Records for the task Block Start

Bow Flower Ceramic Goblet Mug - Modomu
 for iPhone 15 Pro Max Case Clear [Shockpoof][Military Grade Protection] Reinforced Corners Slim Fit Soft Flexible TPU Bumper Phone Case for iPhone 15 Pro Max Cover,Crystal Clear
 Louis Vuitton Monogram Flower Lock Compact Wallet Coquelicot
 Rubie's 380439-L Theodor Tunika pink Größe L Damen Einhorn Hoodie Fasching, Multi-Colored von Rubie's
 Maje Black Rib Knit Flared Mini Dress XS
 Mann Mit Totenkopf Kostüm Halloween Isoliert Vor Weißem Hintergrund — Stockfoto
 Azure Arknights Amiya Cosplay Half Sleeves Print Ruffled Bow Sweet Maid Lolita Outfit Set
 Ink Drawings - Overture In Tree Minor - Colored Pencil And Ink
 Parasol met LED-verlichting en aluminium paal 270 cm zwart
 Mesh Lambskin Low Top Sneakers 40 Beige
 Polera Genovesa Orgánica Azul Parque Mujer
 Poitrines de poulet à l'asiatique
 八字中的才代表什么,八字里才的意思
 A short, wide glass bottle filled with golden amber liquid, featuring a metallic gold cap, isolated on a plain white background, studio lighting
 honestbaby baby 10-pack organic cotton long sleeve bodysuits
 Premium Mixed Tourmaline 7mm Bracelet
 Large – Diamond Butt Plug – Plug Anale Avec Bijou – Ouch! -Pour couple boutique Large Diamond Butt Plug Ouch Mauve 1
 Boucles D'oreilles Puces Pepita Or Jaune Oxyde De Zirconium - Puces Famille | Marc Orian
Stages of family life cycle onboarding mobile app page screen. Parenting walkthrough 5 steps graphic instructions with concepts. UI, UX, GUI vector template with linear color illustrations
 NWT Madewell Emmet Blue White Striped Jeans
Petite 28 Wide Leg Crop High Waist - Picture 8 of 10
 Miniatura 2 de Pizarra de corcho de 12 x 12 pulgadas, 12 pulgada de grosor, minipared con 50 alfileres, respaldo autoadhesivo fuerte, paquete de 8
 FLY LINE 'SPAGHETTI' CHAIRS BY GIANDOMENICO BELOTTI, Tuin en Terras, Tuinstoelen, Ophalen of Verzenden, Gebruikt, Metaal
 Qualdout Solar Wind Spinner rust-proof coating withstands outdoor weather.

Records for the task Block End

### Problem statement
What you return should be only the lines from the line containing "Large – Diamond" through the end of the material above, reproduced exactly, first and last included.

### Task response
 Large – Diamond Butt Plug – Plug Anale Avec Bijou – Ouch! -Pour couple boutique Large Diamond Butt Plug Ouch Mauve 1
 Boucles D'oreilles Puces Pepita Or Jaune Oxyde De Zirconium - Puces Famille | Marc Orian
Stages of family life cycle onboarding mobile app page screen. Parenting walkthrough 5 steps graphic instructions with concepts. UI, UX, GUI vector template with linear color illustrations
 NWT Madewell Emmet Blue White Striped Jeans
Petite 28 Wide Leg Crop High Waist - Picture 8 of 10
 Miniatura 2 de Pizarra de corcho de 12 x 12 pulgadas, 12 pulgada de grosor, minipared con 50 alfileres, respaldo autoadhesivo fuerte, paquete de 8
 FLY LINE 'SPAGHETTI' CHAIRS BY GIANDOMENICO BELOTTI, Tuin en Terras, Tuinstoelen, Ophalen of Verzenden, Gebruikt, Metaal
 Qualdout Solar Wind Spinner rust-proof coating withstands outdoor weather.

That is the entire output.